Hijack in Abstract is an outstanding addition to the Cherry Tucker Mystery series.  {To read my Five-Kitty reviews of Book 1, Portrait of a Dead Guy, click here, and of Book 2, Still Life in Brunswick Stew, click here.}  Author Larissa Reinhart's third book in the series is the best yet, and highly recommended.  Where else can one read about Dixie Cakes, goat breeding, mysterious chauffeurs, Visa cards and "pervert art" in the same book?  

Here are just some of the many reasons that I recommend Hijack in Abstract and the Cherry Tucker Mysteries.      


Hijack in Abstract has a great opening paragraph: 
There are many places you don't want to be at zero dark thirty, but I've got a personal top three.  One is the ER.  Second is a police station.  The third is your ex-boyfriend's bedroom.

Where is she?  Based on Cherry's previous history, she could be in any of these four (she has two ex-boyfriends) places.    Read the book, to find out. 


As promised in my Brunswick Stew review, here are more examples (with evidence, in quotes from Hijack in Abstract) of why I like Cherry and enjoy the Cherry Tucker Mysteries so much.
  
  • Cherry's sleuthing skills —
...I can gain information as good as any cop just through my local gossip network. I call myself inquisitive and creative. He calls me nosy and harebrained.

  • Her loyalty and commitment to her friends — 
"I can't turn my back on a friend."
"I know that all too well," said Luke. "I think the exact words were, 'I'd break the law to help a friend.' "

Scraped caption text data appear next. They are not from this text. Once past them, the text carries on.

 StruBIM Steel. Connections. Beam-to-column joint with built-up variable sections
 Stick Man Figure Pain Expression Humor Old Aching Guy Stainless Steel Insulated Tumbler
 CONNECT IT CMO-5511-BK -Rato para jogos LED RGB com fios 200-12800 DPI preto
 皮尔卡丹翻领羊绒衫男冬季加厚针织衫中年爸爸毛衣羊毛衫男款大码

We'd been friends since kindergarten after I slugged Brandy Cosgrove who had stolen her Beanie Babies dolphin.  I'd received my first suspension and a friend for life. 

  • Her sense of humor —
"Miss Cherry Tucker, hello," said the new voice.  "I have found you."
Considering the voice was somewhere in metro-Atlanta and I was sitting in my truck in mid-west Georgia, I didn't follow.  "Were we playing hide and seek?"  

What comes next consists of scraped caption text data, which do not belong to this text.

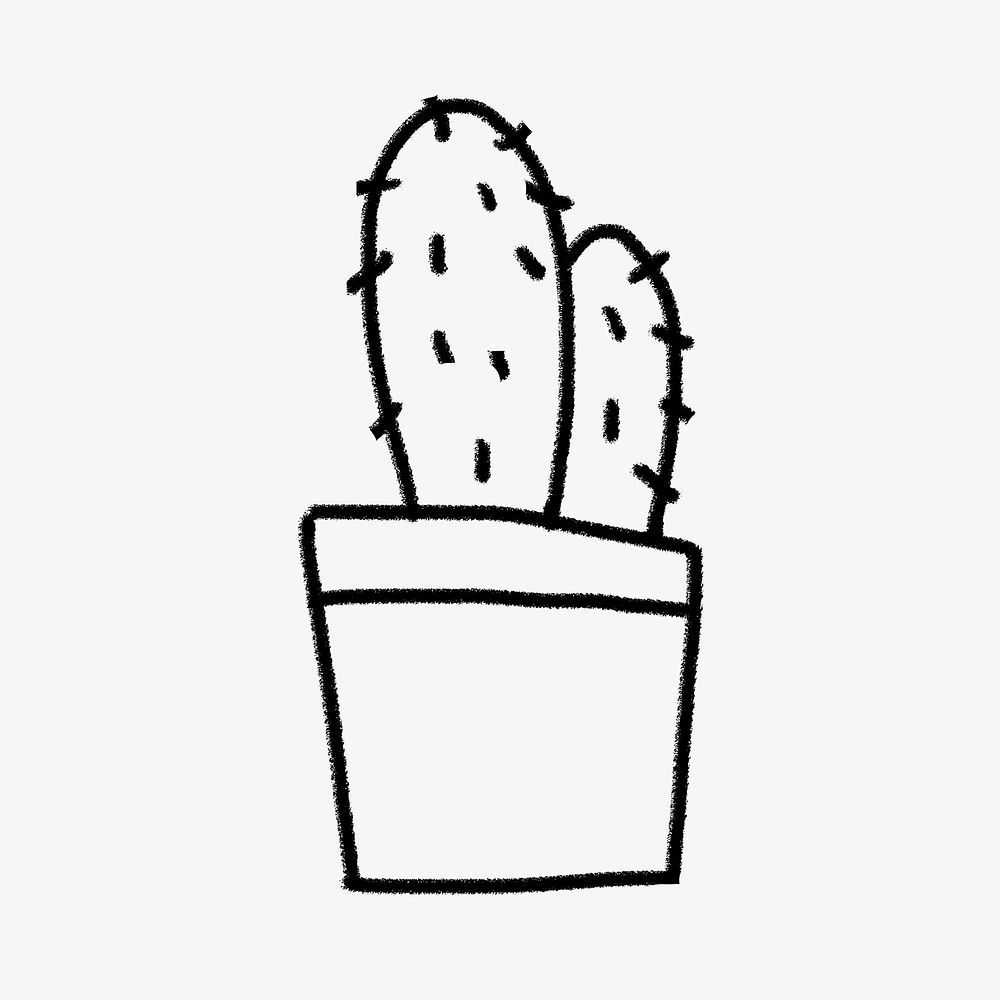 Cactus doodle clipart, plant design psd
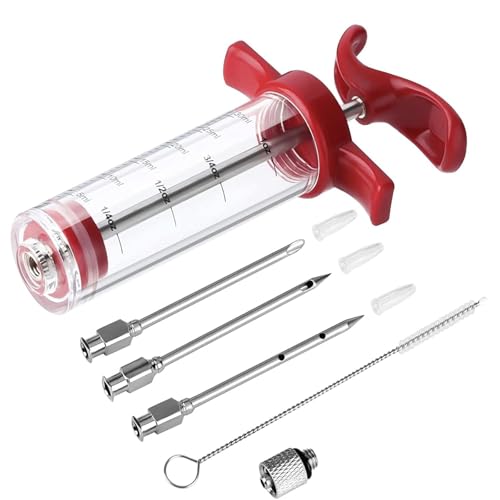 DKWIN Kitchen Injector for Meat, Meat Injector Syringe Marinade Turkey Seasoning Injector Syringe with Scales for Restaurant Hotel Home Kitchen BBQ Party Sauce Injector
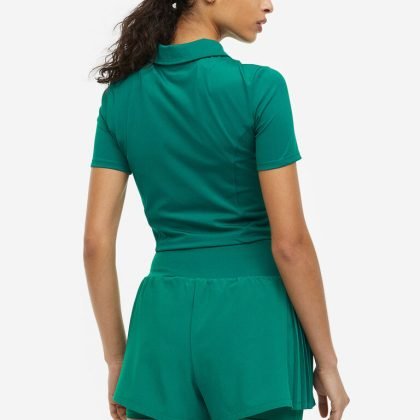 High Quality Wholesale Custom Made Regular Fit Teal Cropped Tennis Shirt QA-2389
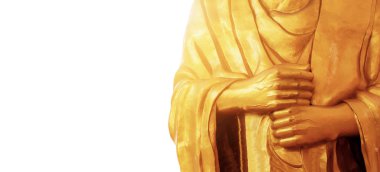 Altın Buddha ile güzel beyaz bir arka plan üzerinde.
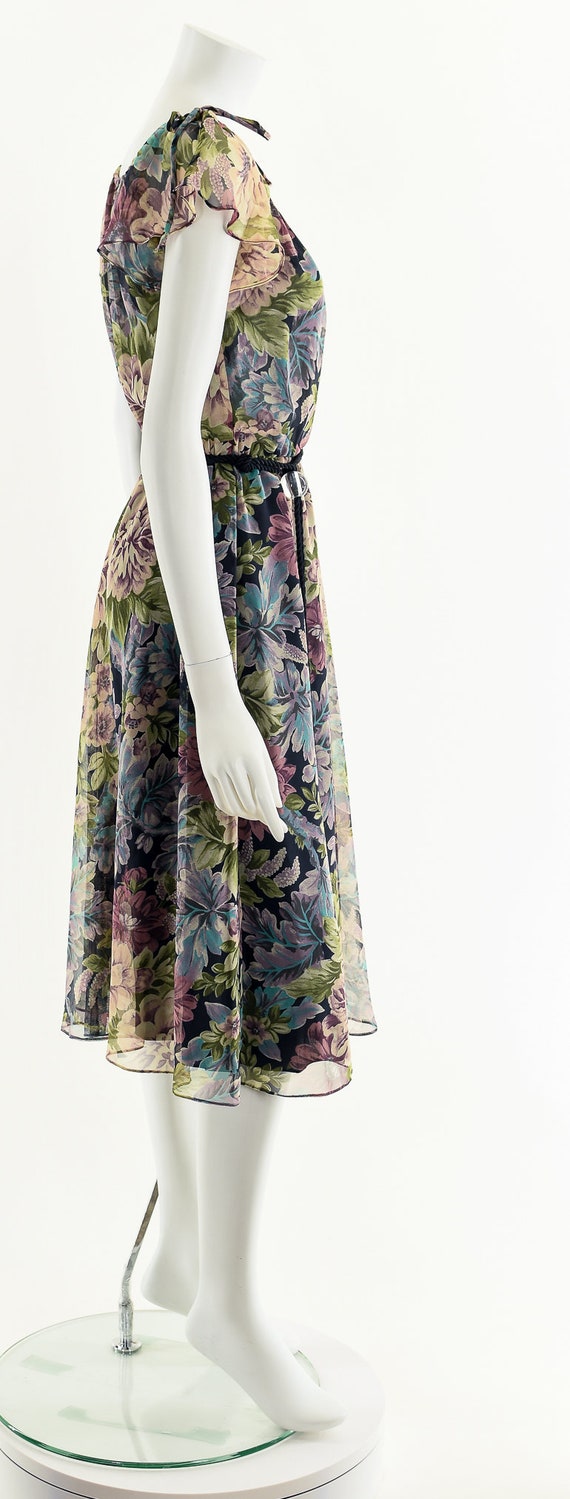 Floral Chiffon Dress,Dark Bohemian Dress,Dark Rom… - image 5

The heavy wooden door swung open, I stepped aside and stifled a maniacal giggle.  "Gold paneling with brass trim.  This is a first for me." 

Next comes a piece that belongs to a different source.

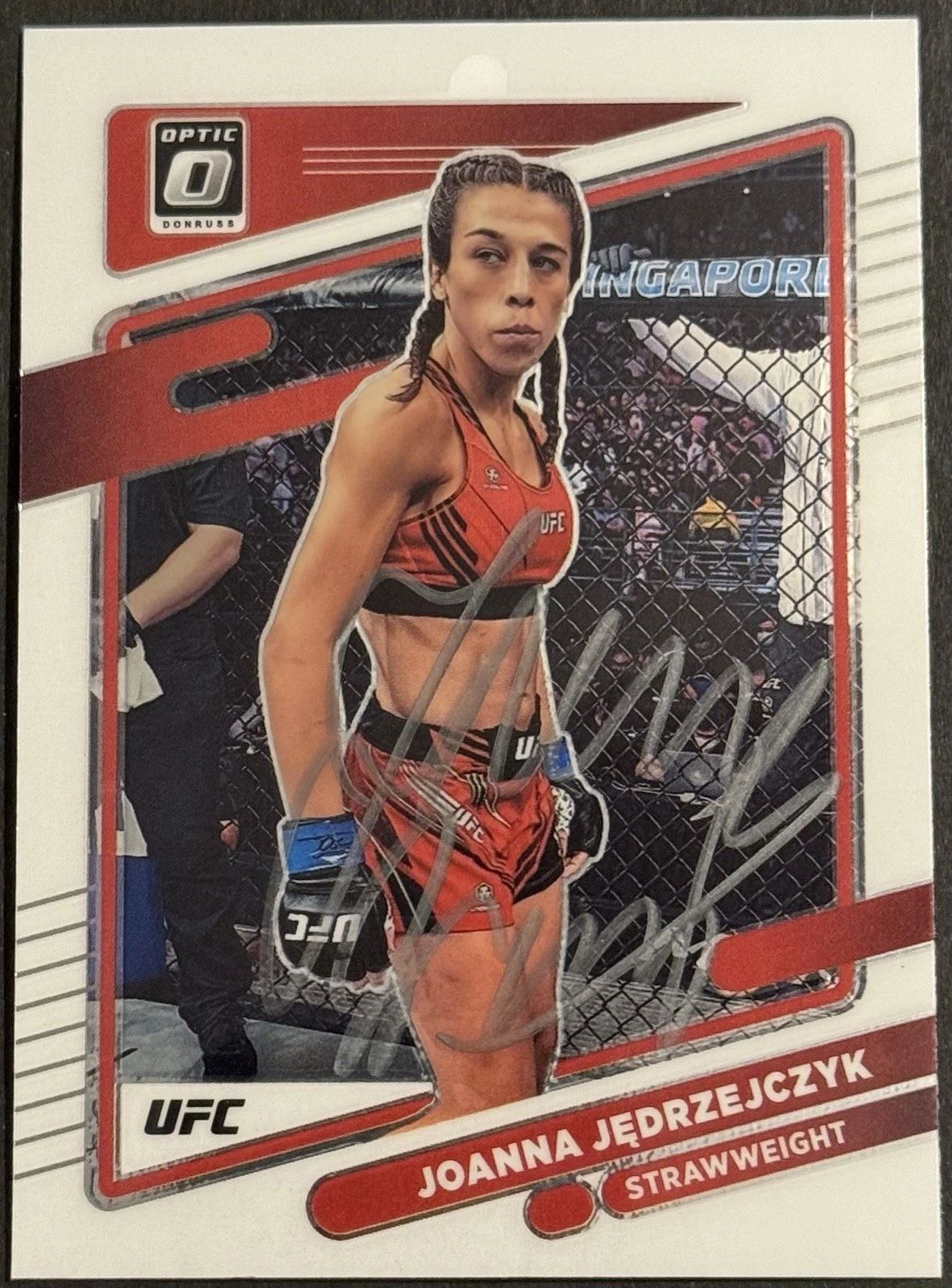 Joanna Jedrzejczyk Signed 2022 Donruss Optic UFC Base Card BAS Beckett On Card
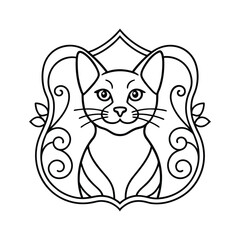 art nouveau style decorative cat vector for international cat day.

  • Her fashion sense (mentioned in a previous review also) — 
I had my own line of Cherry Tucker clothing, mostly pieces from Walmart retrofitted with bling, dye, and a pair of scissors.  

  • Her honesty about her own faults —
"Wow.  I'm kind of speechless.  Which, if you knew me, you would find remarkable."

Sometimes I forget to tell myself to stop yammering.

I really needed to see if there was surgery for removing stupid from my DNA.

"My pride will be my undoing?" I hedged.  "On the contrary, I think it's more an issue with being stubborn.  Or my mouth.  I've got a lot of flaws to choose from."

  • The way Cherry describes colors so artistically, using names of artists' pigments —
brown ochre curls [hair]
transparent oxide-red lake [hair highlights]
every shade of pink from ruby lake to vermilion extra [someone blushing]
Venetian red [fingernails]
Gray and perylene black [camo tank top]
king's blue deep or blue light.  Maybe phthalo blue... [eye color]
dioxazine mauve glow [of twilight]
Payne's gray [eye color]

  • Her loyalty to flag and country (her tact, not so much) —
"I can't read your stupid file.  It's in cryptic."
"Cyrillic," shouted Max.  "You are the stupid."
"Forgive me for not knowing your foreign language, foreigner," I yelled.  "I'm American and you're in America."


I think that any fan of cozy mysteries will enjoy Hijack in Abstract by Larissa Reinhart, especially a fan who likes a heroine who is a little bit (a lot?) sassy and spunky.  For mystery fans new to cozies, this is a great series to begin with.  Hijack in Abstract has earned Five out of Five Kitties!